Wow, thank you for all the questions. It's the exact kind of dialogue I need to be having before I start this project.
I have about an acre of space in my backyard (huge tulip tree on the eastern side of the yard, so it blocks a good portion of sun in the summer time - brings up issues of direct sunlight there, but otherwise I have an open yard.)
I like to eat any and all plants, fruits, and vegetables. I'm really just trying to rebuild the health of my soil and to learn how to become a good gardner and grow food in my backyard.
The winters in Jersey have been pretty mild lately, but it definitely dips down below freezing from December through March.
What is a 'hardiness zone'?
I'm just going to use the book I bought as a planning guide: "How to Grow More Vegetables"
I've cut out (1) 100 square foot garden bed so far.
Here is what the spring looks like according to Jeavons' book.
-- SPRING 2010 -- _______________________________________________________________ Cucumber P Zinnia O C Peas L e n a B e p Regular Potatoes i r r t p Tomato o r o P t e Zucchini n ots c e u r s Cabbage coli a c Pumpkin Basil Radishes Beets s e _______________________________________________________________
P Radishes e Stocks a Carrots Broccoli & s Chard Calendulas _ _ _ _ _ _ _ _ _ _ _ _ _ _ _ _ _ _ _ _ _ _ _ _ _ _ _ ______________________
So here are a few of my questions ...
--- How many flats will I need for the spring if there will be nearly 375 seeds involved?
--- Should I use dirt from the garden bed to grow the seeds into seedlings or do I use better soil from the local nursery / garden center?
--- Where is the best place to grow garden flats - inside / outside? (I don't have a greenhouse.)

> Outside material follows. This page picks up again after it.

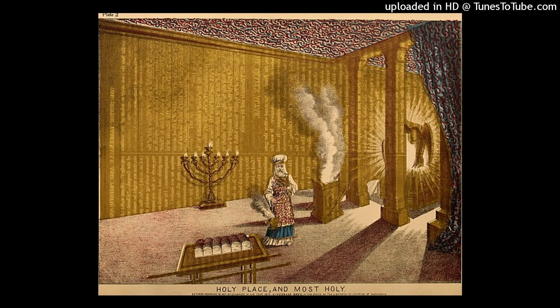He made a grate of bronze network for the altar, under its rim, midway from the bottom. He cast four rings for the four corners of the bronze grating as holders for the poles. He made the poles of acacia wood and overlaid them with bronze. Then he put the poles into the rings on the sides of the altar with which to bear it. He made the altar hollow with boards.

--- How much and how often do I need to waterseed & seedling flats? What is a good way to tell?
--- I've tested the pH of the soil its slightly acidic like an 8 on a scale of 14. What is the best fertilizer to use - limestone, blood meal, etc.?
--- How much is too much fertilizer? How much is just enough?

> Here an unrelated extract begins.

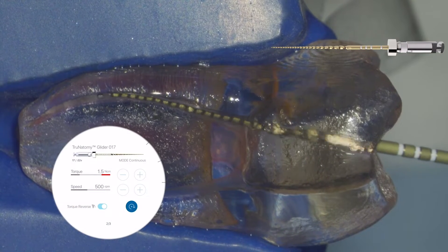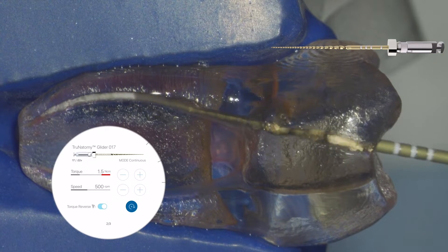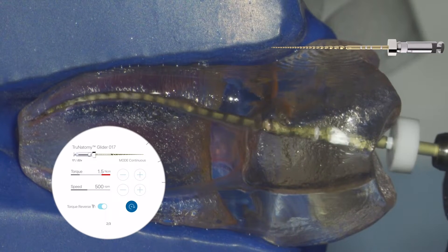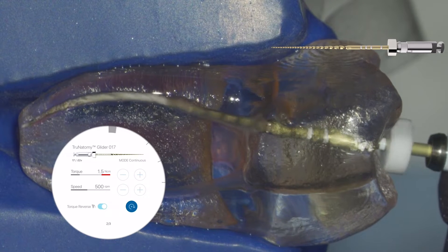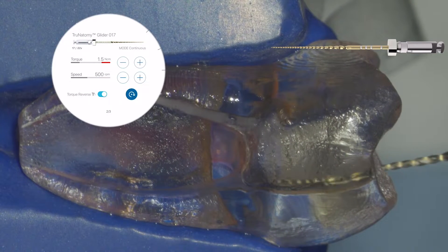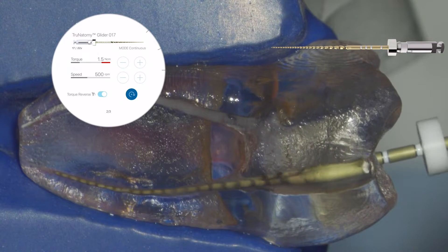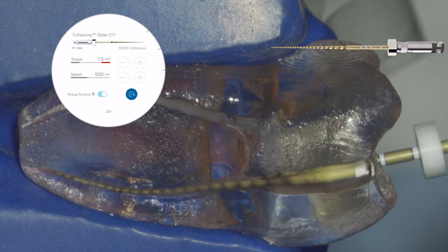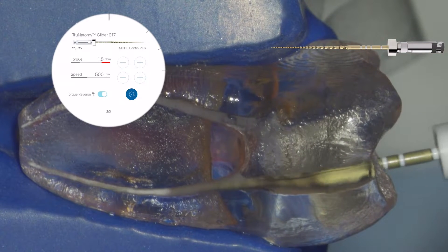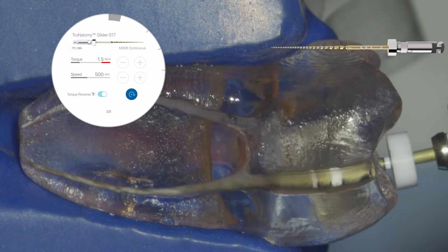Now that we have our coronal modification, working length, and confirmed patency, we want to confirm our glide path. We want a mechanical glide path using something flexible — the True Anatomy glide path instrument — which confirms a centered glide path for your shaping instrument. This may take approximately two or three sets, or three to four sets in difficult or curved cases.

--- Should I put the fertilizer on the dirt before I double dig the garden bed or after?
--- Has anyone heard of the use of BioChar in their gardens? I watched a documentary on it and it looks like "black gold" in your garden bed. Should I try some of that?

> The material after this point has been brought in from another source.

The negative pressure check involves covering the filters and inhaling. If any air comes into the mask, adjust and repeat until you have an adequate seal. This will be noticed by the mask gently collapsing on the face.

--- How can I best prep the garden bed(s) and its dirt to get rid of grubs and other unwanted pests?
--- How should I protect my garden? (I do have deer in the back, so I'm thinking deer fence.) What about critters that can crawl or dig under the fence like moles, squirrels, raccoons, possum, birds, rabbits? (I bought some bird and shade netting, but I don't know what to do with the little guys that dig.)
Just a few questions ...
"Even if the world was to end tomorrow I would still plant a tree today."
There are several posts in Organic Practices that answer many of your questions.. The [i]Seed Starting[/i] thread has a link with much helpful info. There is a Grub thread that discusses ways to deal with grubs. There are posts discussing soil pH and soil building.
You can google hardiness zone and get a US map that tells your zone>>>Some seed packets and many Seed catalogues have US maps showing hardiness zone.. It helps tell you when to start a plant and what plants can or cant be grown in your area...
If money is not an issue buy a big bale of peat moss and big bag of vermiculite to make starter medium and also to use in yer garden beds mixed with the soil to loosen and aerate the soil.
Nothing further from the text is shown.